Cashless slots eliminated dozens of cheating methods involving coins. Cheaters can no longer use false tokens or coins on a string to confuse the machine or rely on a device inserted up the chute, which foiled the count of coins coming out, Joseph said. In the days before ticketing replaced coins, an optic pen or red flashing LED light would function by defeating the payout meter that gives access to coins in the hopper. This battery-powered optic device featured a bent arm that would fit snugly into the slot machines innards to trip the payout meter and yield all the coins in the hopper. The device could easily be concealed in the cheater’s jacket or sleeve.
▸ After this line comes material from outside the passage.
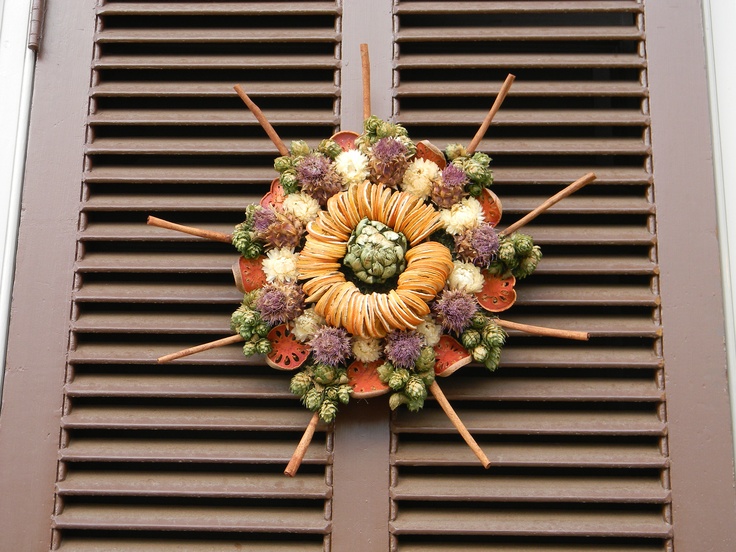 a wreath made out of fruits and vegetables on the side of a window sill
These days, cheaters attempt to use gadgets that try to trick the bill validator. Another scam involves putting a $100 bill covered with baby powder on the end of dental floss. When it racks up the credits, the player pulls the bill back out. Other gadgets include a metal probe to activate the computer to increase credits.
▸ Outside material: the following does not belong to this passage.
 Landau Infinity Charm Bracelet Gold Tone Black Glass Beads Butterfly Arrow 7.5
More than a decade ago, there were cheating scams that involved picking a lock on the slot or opening up the machine and switching the computer chip to trigger the jackpot. Today’s electronic layouts and shrunken chip boards make that all but impossible.

In the near future, server-based machines will put the computer control in a back-of-the-house room, rather than have 1,000 different mother boards. “You cannot attack the machine at the site,” Joseph said.

Roulette

The Savannah move was a variation of a bet-and-run scam, where desperate players made simple proposition bets on roulette and grabbed the chips off the layout when they lost, before the dealer could sweep them away, Marcus said. “By hiding $5,000 casino chips (or $1,000 chips in lower-limit casinos) under $5 casino chips on the 2 to 1 column bets, we won $10,010 each time these bets won while losing just $10 when they lost,” Marcus said. “We accomplished this by quickly switching out the losing bet containing the $5,000 chip and replacing it with $5 chips the instant the ball dropped.” He said if he was caught, he feigned drunkenness, claiming he didn’t realize the ball had dropped. “We got away with it because the dealer never saw the $5,000 chip to begin with, so he was satisfied the $5 chip set down to replace it was the one originally there,” Marcus said.

The wheel track design used to make the ball fall rather than roll off. Hidden computers were programmed to predict the ball’s fall-off point on the wheel, thus improving the chance of predicting where the ball would land. Pictures could reveal the speed of the ball and from what position it would fall. The industry changed the wheel to eliminate that, creating shallower pockets, so the ball bounces around more, making predictions more difficult.

The change in wheel design and the addition of speed bumps on craps tables show that for every new scam, a new foil evolves from casinos. “It’s a cat-and-mouse game. Show us how you steal and we’ll develop a policy to beat you,” Joseph said.